Competitive Intelligence - Web scrapers collect important data to help competitors adjust their pricing strategies

Wrong Business Decisions - Bot traffic distorts web site analytics which could lead to making wrong business decisions

Sneaker Bots - Bots are buying limited editions of certain products before regular buyers and then sell on black market

Account Take-over - Credential stuffing leveraging stolen accounts purchased on the Darkweb providing access

Fraudulent Transactions - Fraudulent transactions with large financial consequences as a result of account take-over in the finance sector

The Industrialized (organized) Attack Lifecycle

Figure 1. It begins with unwanted automation and ends with account takeover and application fraud

What are Credential Spills?

Credential Spill - A cyber incident in which a combination of username and/or email and password pairs becomes compromised.

Date of Announcement - The first time a credential spill becomes public knowledge.
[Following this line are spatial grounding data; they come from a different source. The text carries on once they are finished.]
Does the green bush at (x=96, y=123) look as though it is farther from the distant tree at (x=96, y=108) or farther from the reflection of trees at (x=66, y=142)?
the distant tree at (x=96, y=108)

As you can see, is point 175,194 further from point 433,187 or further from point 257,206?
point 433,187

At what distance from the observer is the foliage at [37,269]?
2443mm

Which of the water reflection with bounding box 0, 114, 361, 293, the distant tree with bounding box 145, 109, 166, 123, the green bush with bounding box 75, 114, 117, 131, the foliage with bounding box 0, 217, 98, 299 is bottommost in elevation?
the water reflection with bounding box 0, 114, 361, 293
This announcement could occur in one of two ways:

  1. A breached organization alerts its users and/or the general public
  2. A security researcher or reporter discovers a credential spill and breaks the news

Date of Discovery - When an organization first learned of its credential spill. Organizations are not always willing to share this information.
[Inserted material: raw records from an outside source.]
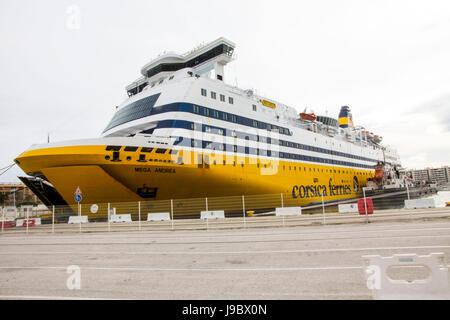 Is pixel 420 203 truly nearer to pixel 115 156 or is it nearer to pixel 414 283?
pixel 414 283

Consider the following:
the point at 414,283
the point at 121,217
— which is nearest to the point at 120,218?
the point at 121,217

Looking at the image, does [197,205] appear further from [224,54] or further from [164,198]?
[224,54]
Stolen Credentials - Criminal Usage by Stage

Stage 1: Slow and Quiet

  • Sophisticated threat actors operating in stealth mode - 150 to - 30 days before the public announcement
  • Each credential used (on average) 20 times per day

Figure 2. Slow and quiet stage. Attackers use credentials in stealth mode from 150 to 30 days before the public announcement

Stage 2: Ramp Up

  • Creds become available on Darknet around ~30 days before public announcement
  • Use of creds ramp up to 70 times per day

Figure 3. The ramp-up stage. Attackers ramp up use of compromised credentials 30 days before the public announcement.

Stage 3: The Blitz

  • Credentials become public knowledge
  • Script Kiddies + N00bs
  • The first week is absolute chaos - each account attacked > 130 times per day

Figure 4. The blitz stage. Script kiddies and other amateurs race to use credentials after the public announcement.

Stage 4: Drop-Off / New Equilibrium

  • Creds *should* be worthless at this point...
  • Consumer reuse and lack of change allows for attacker "repackaging" and long tail value

Figure 5. The drop-off stage. Credentials no longer have premium value

Network Traffic Automation

The simplest level of user simulation contains tools that make no attempt to emulate human behavior or higher level browser activity. They simply craft HTTP requests along specified parameters and pass them along to the target. These are the simplest, cheapest, and fastest tools. Sentry MBA is perhaps the standard tool of this type.​

 

  

Figure 6. Sentry MBA, a standard user simulation tool

Browser and Native App Automation

Most of the websites that we interact with every day—online banking, ecommerce, and travel sites—consist of large web applications built on hundreds of thousands of lines of JavaScript. These webpages are not simple documents, so simulating convincing transactions at the network level is extremely complex. At this point, it makes more sense for an attacker to automate activity at the browser level.

Until 2017, PhantomJS was the most popular automated browser in the market. When Google released Chrome 59 that year, however, it pushed forward the state of browser automation by exposing a programmatically controllable “headless” mode (that is, absent a graphical user interface) for the world's most popular browser, Chrome. This gave attackers the ability to quickly debug and troubleshoot their programs using the normal Chrome interface while scaling their attacks. Furthermore, just weeks after this announcement, Google developers released Puppeteer, a cross-platform Node.js library that offers intuitive APIs to drive Chrome-like and Firefox browsers. Puppeteer has since become the go-to solution for browser automation, as you can see from its growing popularity in web searches.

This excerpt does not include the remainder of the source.